Heston y Amilibia
Creo que retendré sobre todo la secuencia que se desarrolla hacia la conclusión de la película. En ella la cámara sigue de cerca a Charlton Heston, que se ha negado a contestar más preguntas de Michael Moore, mientras el viejo actor, ya jorobado y con el andar dificultoso, procede hacia una puerta oscura que se vislumbra al fondo de su lujosa casa de Beverly Hills y, como si volviera a una cueva o guarida, finalmente desaparece de vista.
Bowling for Columbine, que estos días se proyecta en algunas salas andaluzas, es uno de los documentales más escalofriantes que he visto nunca. En él, Heston, representándose a sí mismo, encarna al yanqui duro y maduro -por algo ha sido presidente de la Asociación Nacional del Rifle muchos años- para quien sería inconcebible no poseer armamento particular suficiente para destrozar al primero que se atreva a entrar sin permiso en su propiedad.
Once mil personas mueren cada año en EE UU víctimas de armas de fuego. Otras muchas, debido a la permisividad actual, se convierten en minusválidos para el resto de su vida (dos de ellas figuran en la película). Heston se muestra incapaz de atender las preguntas de Moore. Su único discurso: cada norteamericano tiene el derecho, derecho sagrado, a defender lo suyo con un arma en la mano. Canadá, el vecino, con siete millones de escopetas destinadas a la caza -la pasión nacional-, ¿por qué no arroja resultados similares de muertos, por qué suelen los canadienses dejar sus puertas abiertas? El decrépito (aunque muy trabajado por los cirujanos plásticos) Ben Hur dice no saber. ¿Podría ser que los canadienses no padecen una psicosis del miedo manipulada, como en EE UU, por las empresas especializadas en la venta de armas y seguridad? El Cid no tiene la más mínima idea. O no quiere.

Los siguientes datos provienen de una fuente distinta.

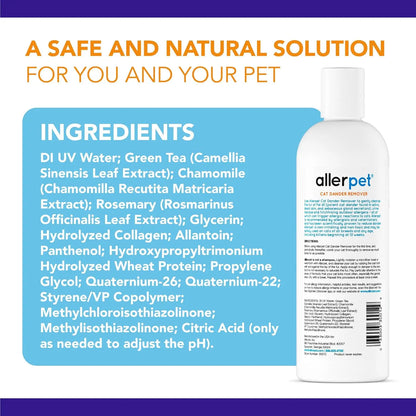 Cat Dander Remover Spray – Allergy Relief for Cats & Humans, Natural Chamomile & Rosemary, 12oz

Cómo somos los hombres. En Europa, donde por suerte no podemos acceder a las pistolas con la facilidad de los norteamericanos, nuestra agresividad se aprecia sobre todo en la manera de comportarnos al volante. Déjame ver cómo conduces y te diré quién eres. El otro día, en el carril rápido de la circunvalación de Granada, yendo a 120 por hora, veo en el retrovisor que viene a gran velocidad, detrás mío, un BMW rojo. Tengo varios vehículos a mi derecha. Por el momento no puedo cambiar de sitio. El delincuente, que ya está casi encima, empieza con los faros. Veo sus ojos en el espejo. Son los de un maníaco. Resisto la tentación de acelerar y, cuando unos segundos después le cedo el paso, me hace un gesto de desprecio. Luego, en seguida, tuerce a la derecha delante de mí y doscientos metros más allá sale de la autovía (maniobra, ésta, cada vez más frecuente). Noto que me siento agredido, que la adrenalina está fluyendo. Se me ocurre que a lo mejor, si pudiera, le pegaba un tiro. ¿No fue lo que le pasó al periodista Amilibia hace algunos años? Lo terrible de los matones es que nos fuerzan o a someternos a ellos y tragar nuestro orgullo, o a rebajarnos a su nivel y reaccionar violentamente. Siendo así, qué alivio no tener derecho a más arma que, en su caso, los propios (y torpes) puños.